MONEY FOR international family-planning programs, whose work includes contraception and basic women's health services, has long been held hostage in Congress to the more divisive matter of abortion. Off and on since the early 1980s, and again last year, antiabortion forces in Congress have blocked any U.S. contribution to the U.N. Population Fund and other international family-planning efforts, arguing that those agencies also fund abortions and that this makes the U.S. contribution an indirect form of abortion funding. That case suffered a setback last week when the House voted to authorize $20 million for the U.N. Population Fund, up from zero last year.

The result came over strenuous opposition from Rep. Chris Smith (R-N.J.), who has led successful efforts to block funding in the past. Mr. Smith this time sought to link the population group's activities to coerced abortions in China.
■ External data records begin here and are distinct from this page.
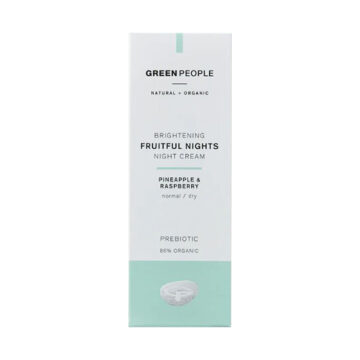 Green People Fruitful Nights Cream Organic 50ml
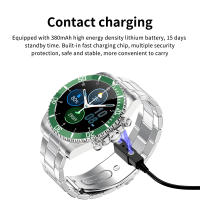 Relojes inteligentes frecuencia cardíaca presión arterial Bluetooth llamadas hombre mujer reloj - details 15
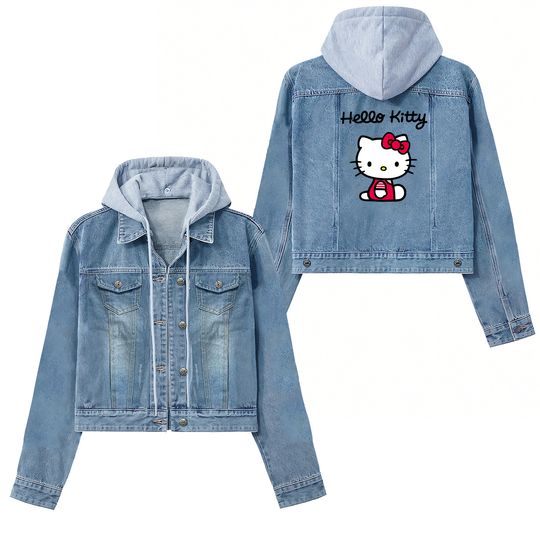 Sanrio Hello Kitty Women Denim Jacket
Opponents agreed to dock the funding by the amount the U.N. group spends on programs in China -- $5 million -- while reiterating that, in the vast majority of countries, contraception and maternal health programs cause the number of abortions to drop steeply. (To highlight the point, they sent every member of Congress a low-tech "safe childbirth kit" being distributed in distressed areas such as Kosovo.)

This isn't the first time Rep. Smith has been bested in attempts to limit broad access to contraception by blurring the distinction between it and abortion. Last year, he sought to block a rider requiring insurance coverage of birth control for federally employed women, arguing that the pill and IUD could be considered abortifacients. But he failed to prevail after a floor confrontation with Rep. Nita Lowey (D-N.Y.).

As happened then, some abortion opponents will likely try to get the money for the program removed when the embassy security bill to which it is attached goes to conference. That shouldn't be allowed to happen. Objecting to abortions is no basis for preventing the very measures that make women less likely to seek them.